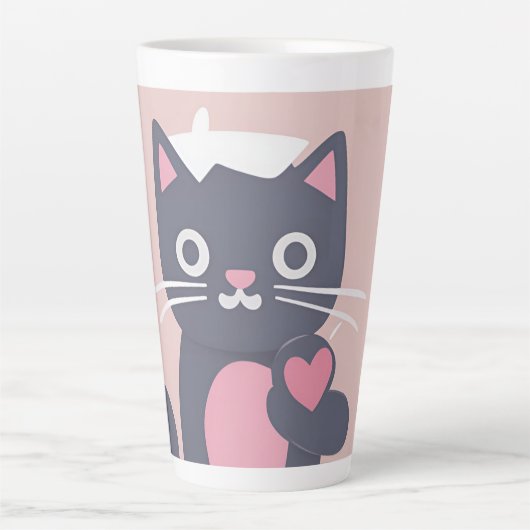 Large Latte Mok (Voorkant)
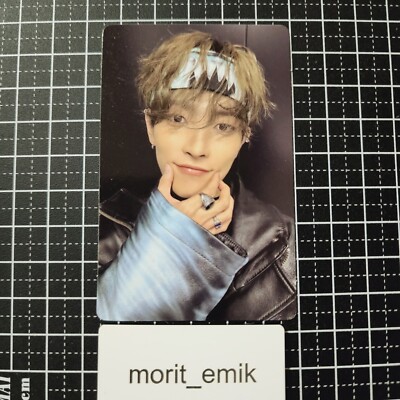ATEEZ THE WORLD EP.FIN : WILL official photo card Ver. A Diary Z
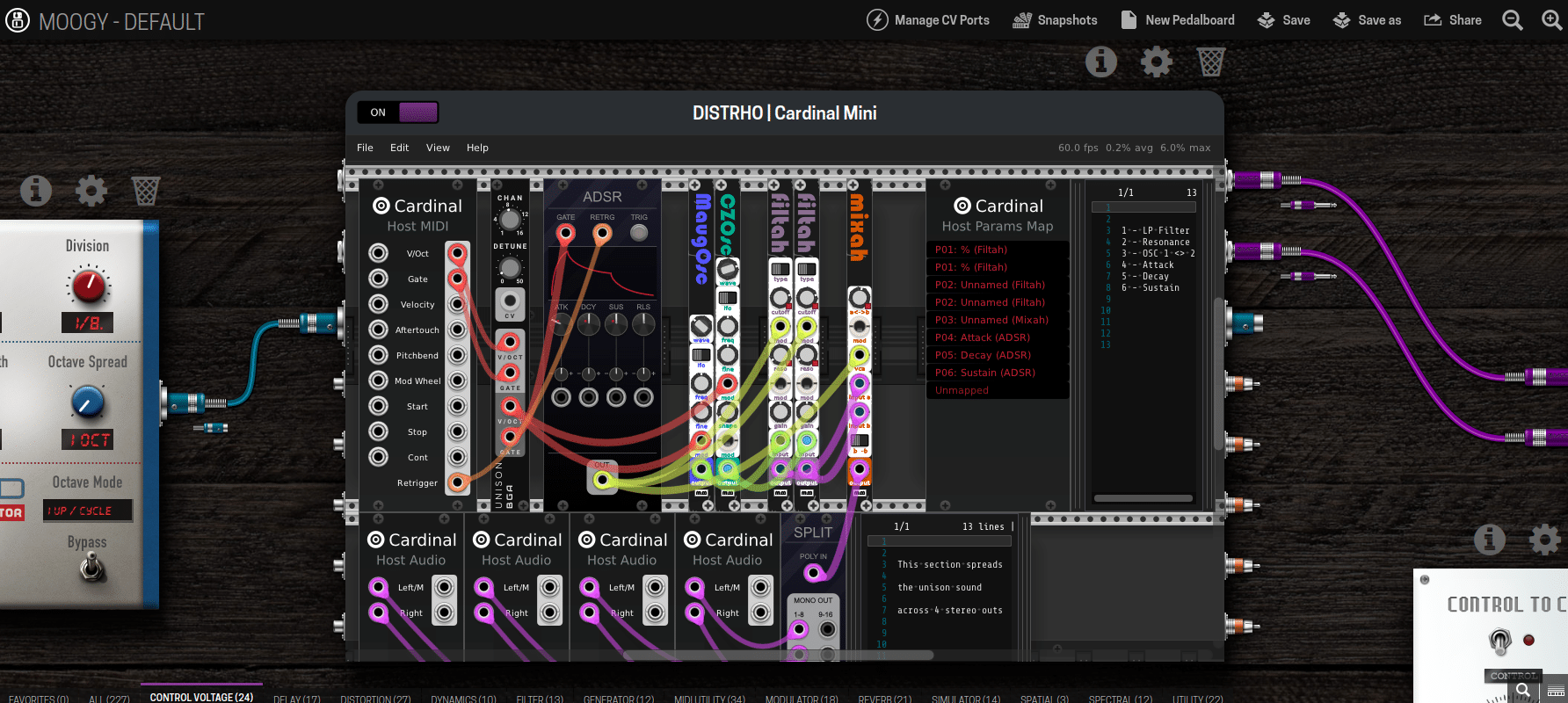 You are currently viewing Cardinal – free virtual modular synthesizer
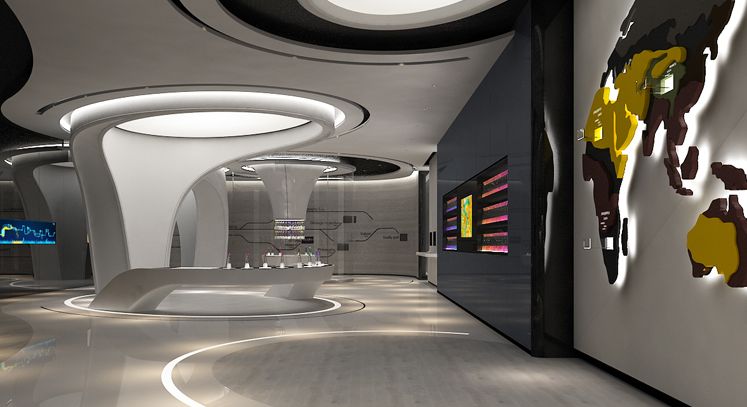 3d全息投影设计_全息投影技术_全息投影_一势江山图2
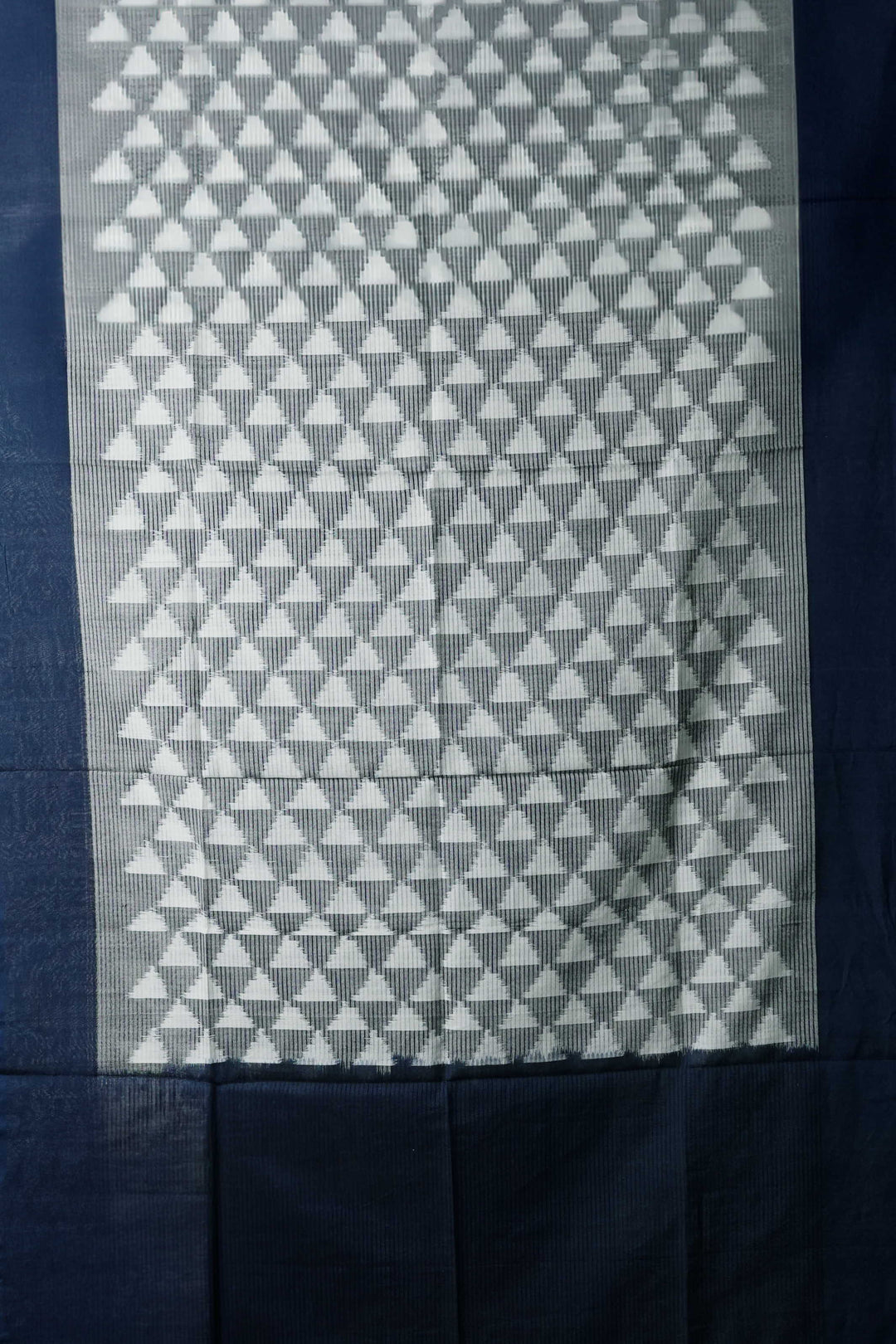Triangle Pattern Ikat Cotton Dupatta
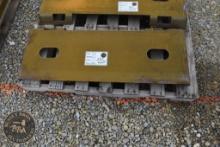 Hitch FUTURE WELDABLE SKID LOADER PLATE 35925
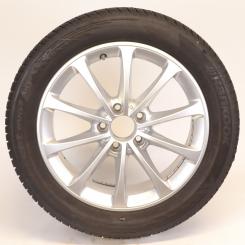 Wheel Package de invierno de aleación de 17 pulgadas con neumáticos Hankook para CLA 118, CLA ShootingBrake X118 y otros, original Mercedes-Benz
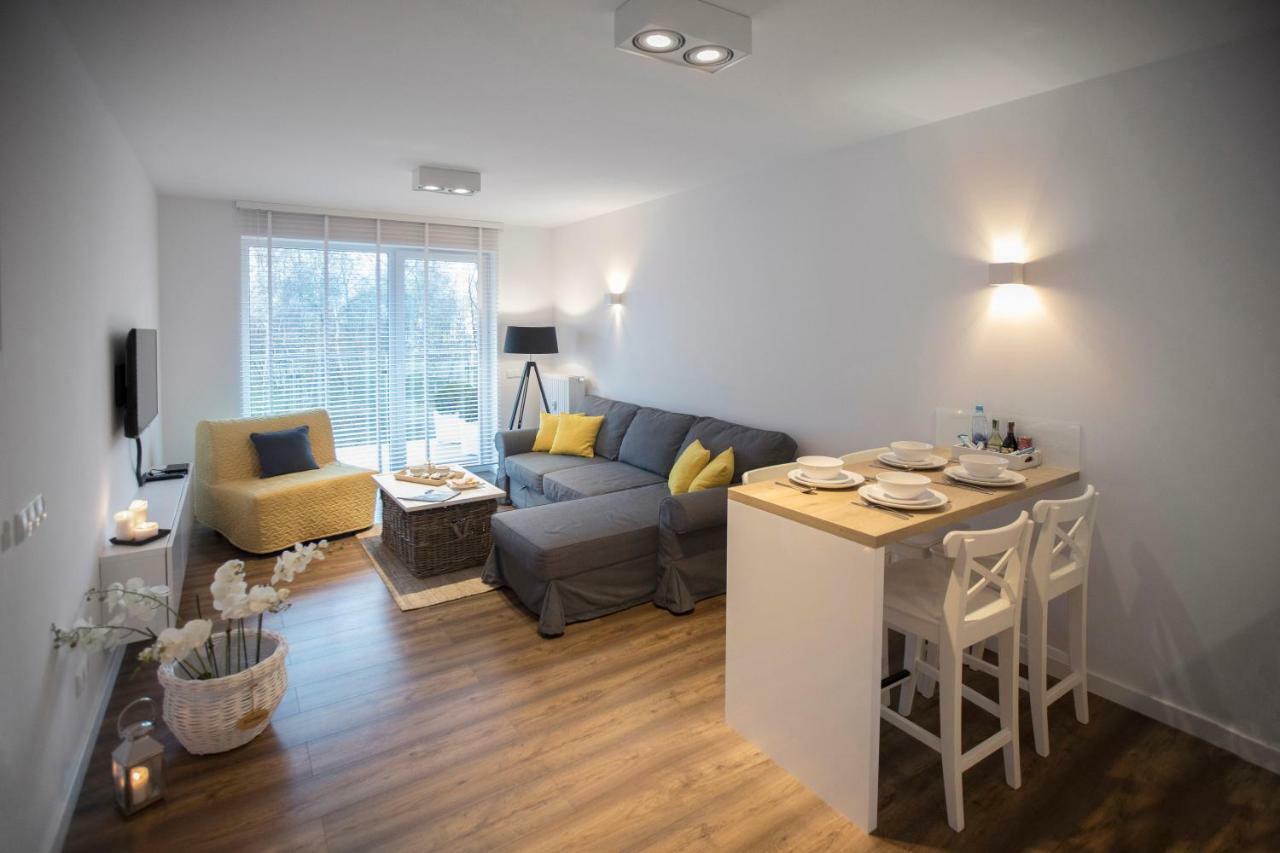 Apartament Sedina Osiedle Polanki Kołobrzeg Eksteriør bilde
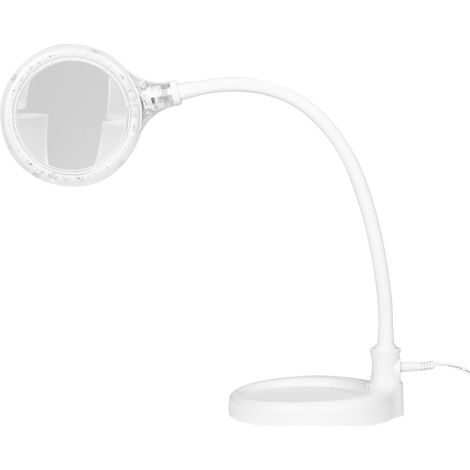 Lámpara de aumento Elegante 2014-2 con 30 LED SMD 5D, soporte y clip de escritorio. (1/5)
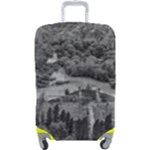 Florentino ameghino dam, chubut, argentina Luggage Cover (Large)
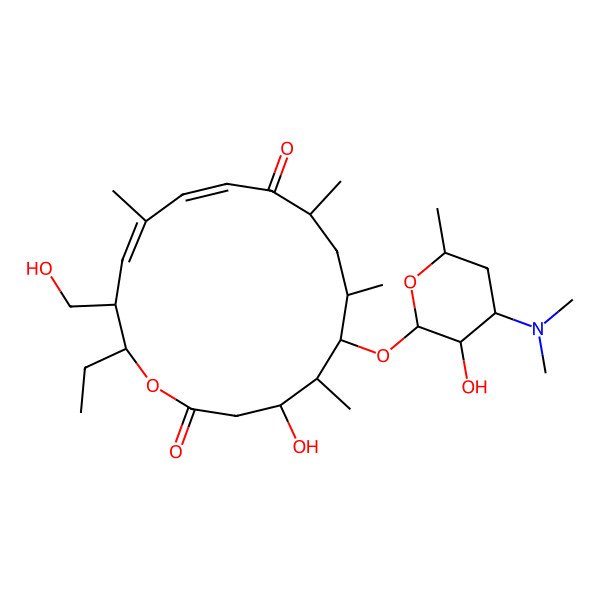 2D Structure of Izenamicin B2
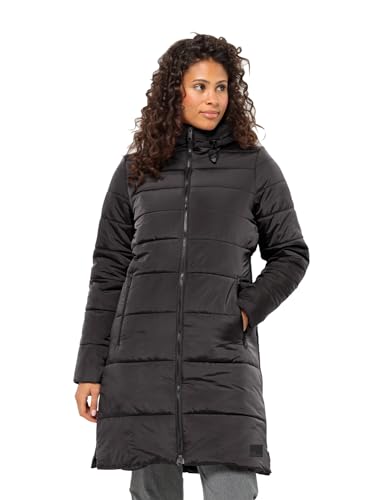 Jack Wolfskin Eisbach Manteau W idéal pour la ville et les sorties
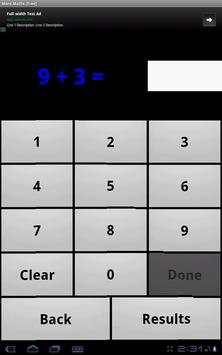 More Maths [Free] screenshot 10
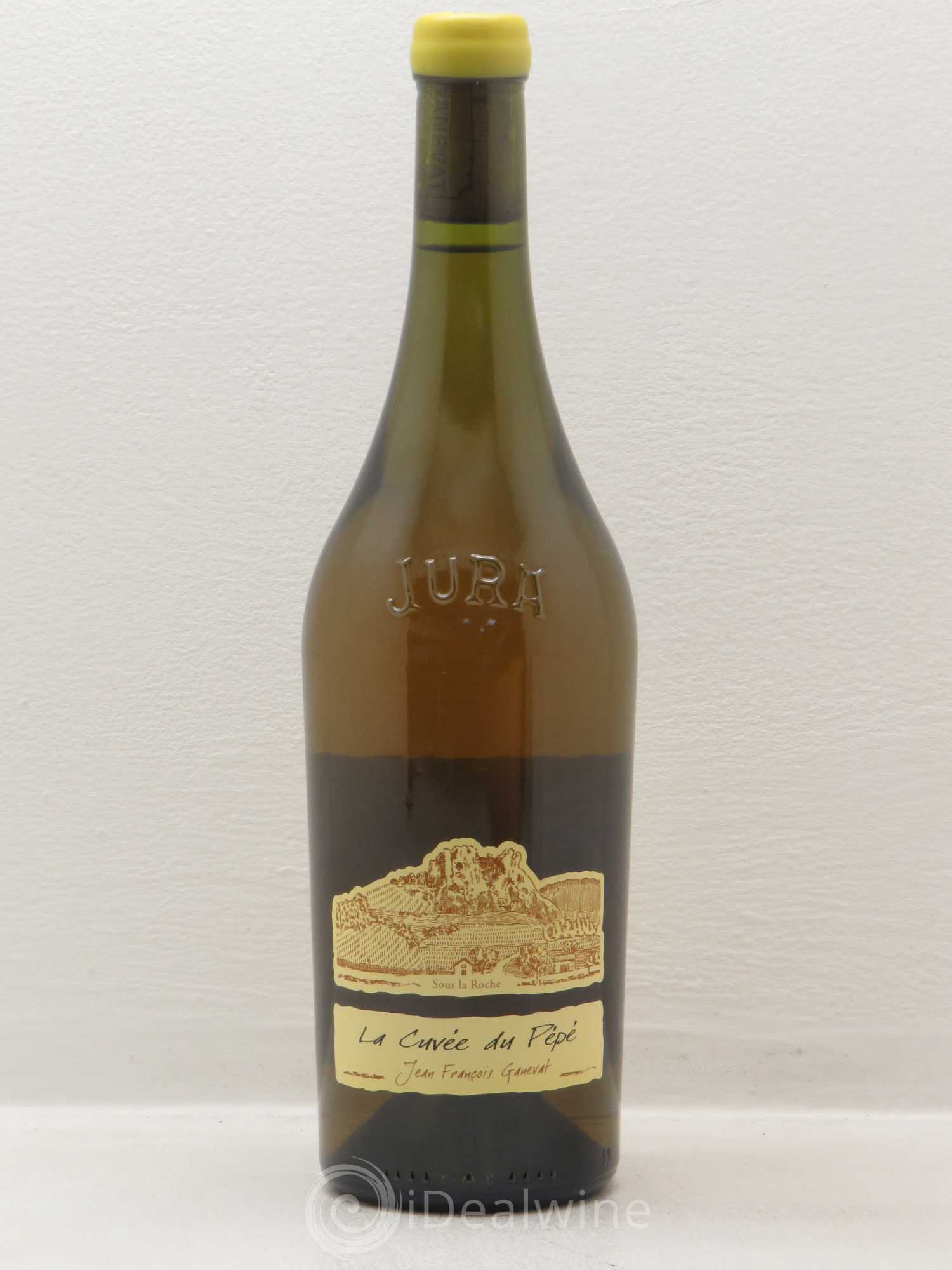 Côtes du Jura Cuvée du pepe Ganevat 2008 - Posten von 1 Flasche - 0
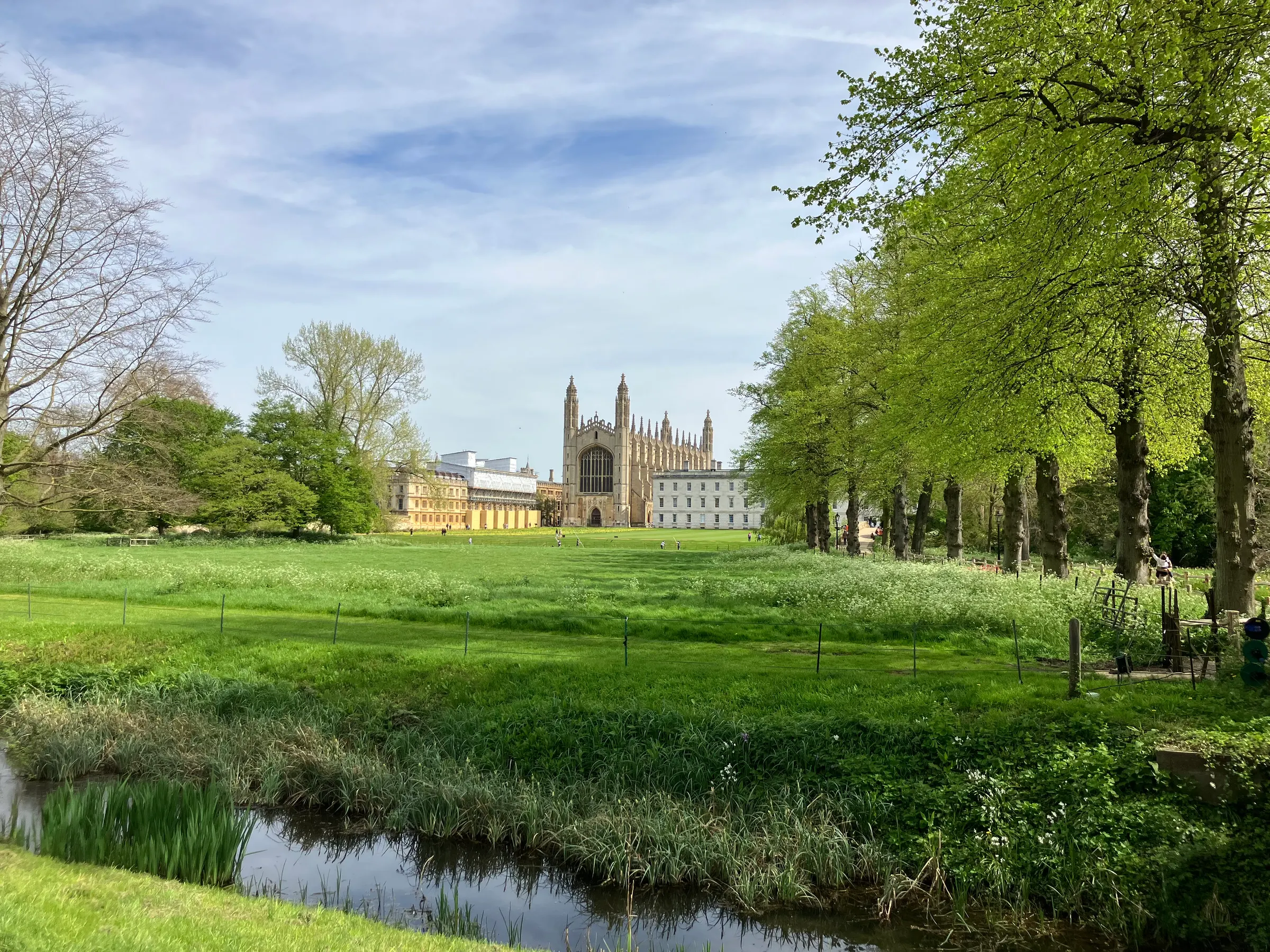 A great view of King’s Chapel in King’s College. Largest chapel in the world. There is a difference between chapel and cathedral I guess.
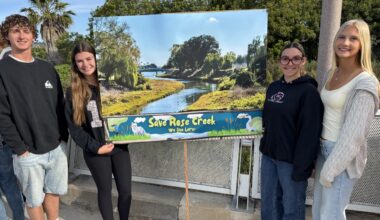 Mission Bay students raise awareness of Rose Creek as vital resource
=-=-=
◆ **Exercise objective**
Starting at the first line of the records above, set down each line exactly through the one that holds "Côtes du Jura". Omit pictures.

◆ **Task answer**
 Large Latte Mok (Voorkant)
ATEEZ THE WORLD EP.FIN : WILL official photo card Ver. A Diary Z
 You are currently viewing Cardinal – free virtual modular synthesizer
 3d全息投影设计_全息投影技术_全息投影_一势江山图2
Triangle Pattern Ikat Cotton Dupatta
 Hitch FUTURE WELDABLE SKID LOADER PLATE 35925
 Wheel Package de invierno de aleación de 17 pulgadas con neumáticos Hankook para CLA 118, CLA ShootingBrake X118 y otros, original Mercedes-Benz
 Apartament Sedina Osiedle Polanki Kołobrzeg Eksteriør bilde
 Lámpara de aumento Elegante 2014-2 con 30 LED SMD 5D, soporte y clip de escritorio. (1/5)
 Florentino ameghino dam, chubut, argentina Luggage Cover (Large)
 2D Structure of Izenamicin B2
 Jack Wolfskin Eisbach Manteau W idéal pour la ville et les sorties
 More Maths [Free] screenshot 10
 Côtes du Jura Cuvée du pepe Ganevat 2008 - Posten von 1 Flasche - 0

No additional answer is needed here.